Dzükou Valley in Summer

The Dzükou/Dzüko Valley is a valley located at the border of the states of Manipur and Nagaland in northeast India. This valley is well known for its natural environment, seasonal flowers and flora and fauna.

It is situated at an altitude of 2452 m above sea level. The rare Dzükou Lily is found only in this valley.[1]

The valley is famous for its wide range of flower in every season. But the most famous one is the Dzükou lily.


The word Dzükou is originally derived from the Viswema dialect of the Angamis 'Dzü-ko' which means 'Soulless and Dull' referring to when some ancestors of Viswema who moved out to establish a new village in Dzükou, due to the unfavorable weather conditions they were unable to harvest crops which led them to say "the valley is very beautiful but is dull and soulless".

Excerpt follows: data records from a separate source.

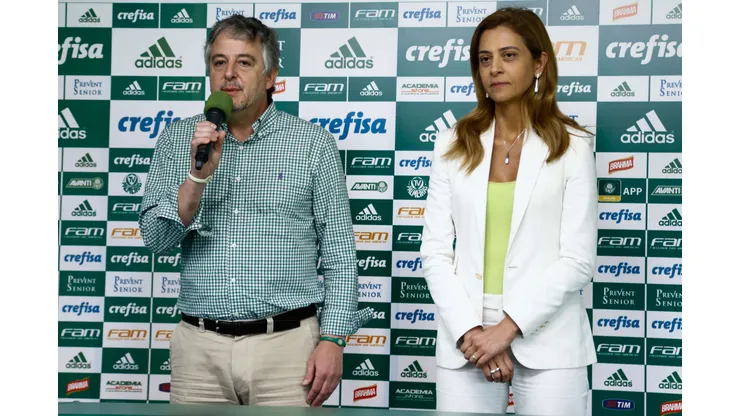 Sao Paulo - SP - 29/01/16 - APRESENTACAO DO NOVO UNIFORME DO PALMEIRAS - Paulo Nobre (e) e Leila Pereira durante a apresentacao novo uniforme do Palmeiras na Academia de Futebol. Foto: Marcello Zambrana/AGIF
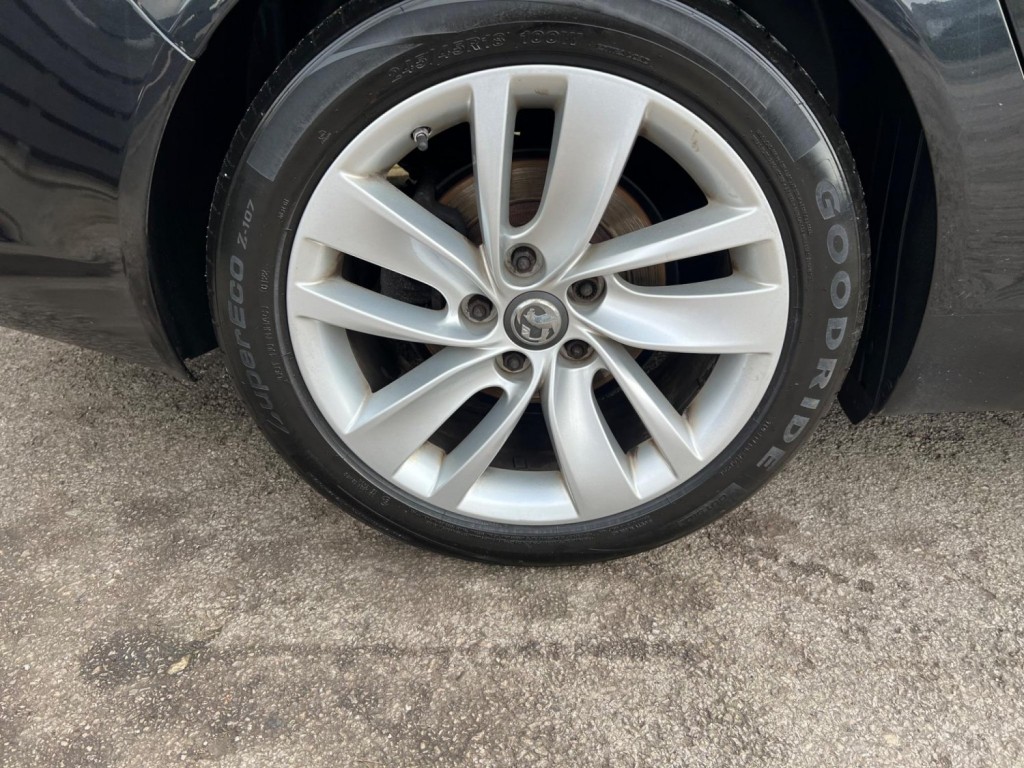 VAUXHALL INSIGNIA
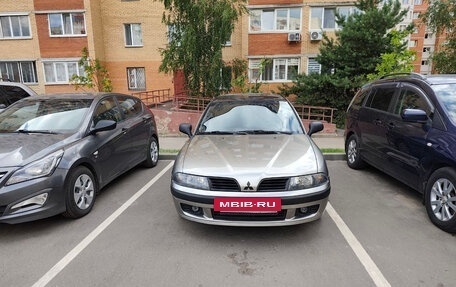 Mitsubishi Carisma I, 2003 год, 420 000 рублей, 2 фотография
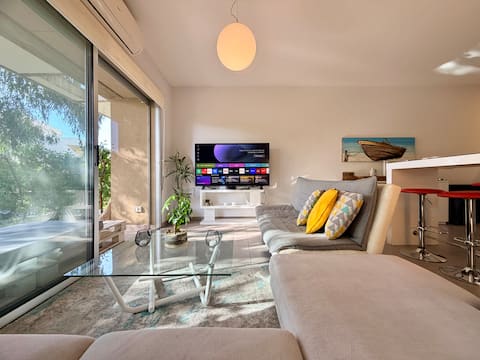 Wavesong’ 2BD Garden & private beach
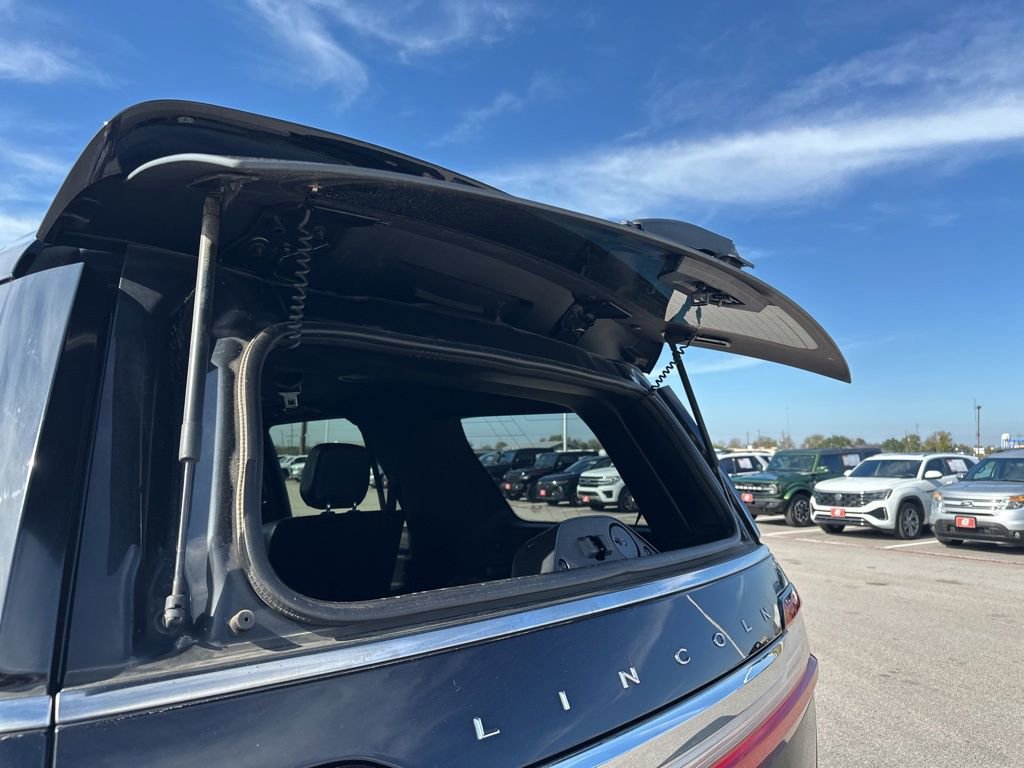 Used 2021 Lincoln Navigator Reserve w/ Luxury Package image 48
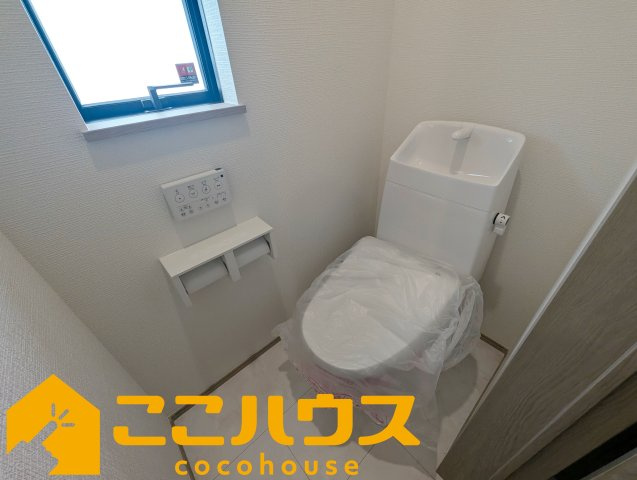 浦添市牧港1丁目332番　新築戸建て　全2棟　B号棟のトイレ|2階トイレ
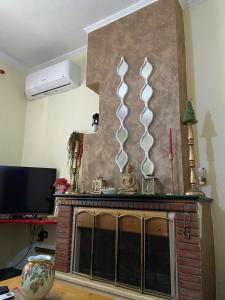 Ramos Charming 2-Bedroom Apartment with Sunlit Veranda - 3rd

Another reason was, as legendary story passed down through oral tradition, the chieftain had a dream and in his dream the spirit-gods "Tevrümi" asked him 7 roasters if they want to settle in the valley. The interpretation of that dream was the Tevrümi i.e. spirit-gods is asking to give the 7 best male youth as a sacrifice. To which, the chief would not sacrifice his best male warriors. He also send some youth to the valley to bring the soil to him and so they did as requested. The chief elder check the soil and he says the land is very fertile and but not appropriate for vegetation (as the known vegetation knowledge for them). Thus, because of these reasons the people give up to settle in the valley. From there the name "Dzükou" or in local dailect "Dzüko" came which literally means "cold heart" because they gave up to settled.

A common misconception is that Dzükou derives its meaning from the Angami word which translates to "Cold Water" referring to the ice cold stream that flows through the valley.


The main entry from the foothills of Viswema village where one can travel to the rest house above Mt. Teyozwü by a Tata Sumo taxi. From here one has to climb forty minutes to the top of the mountain. This is where Dzükou starts but the main valley is still another two hours walk away. One can exit the valley from the same route but if one is planning to come back by foot, the Jakhama route is shorter. Also it can be reached in five hours of trek from Mt. Isii of Senapati district of Manipur. The new five-hour trek route was opened by MMTA (Manipur Mountaineering and Trekking Association).

There are many NGOs and adventure tour operators, who organize treks to the Dzükou Valley. Main way for trekking is from Manipur side. There is a Helipad just next to the Guest house however no service is seen in the last few years.


There has been disputes for years between the two states regarding the ownership of Dzukou Valley with both the states. However, geographically the valley shares both Manipur and Nagaland territories despite claims which were demarcated by the British colonial and followed by the government of India upon the division of statehood. It is reported that out of the total area of about 2.5 sq km of Dzuko, (excluding the surrounding areas) Manipur owns 1.55 Sq KM while Nagaland owns 0.67 Sq KM.


A view of Dzukou Valley from the base camp.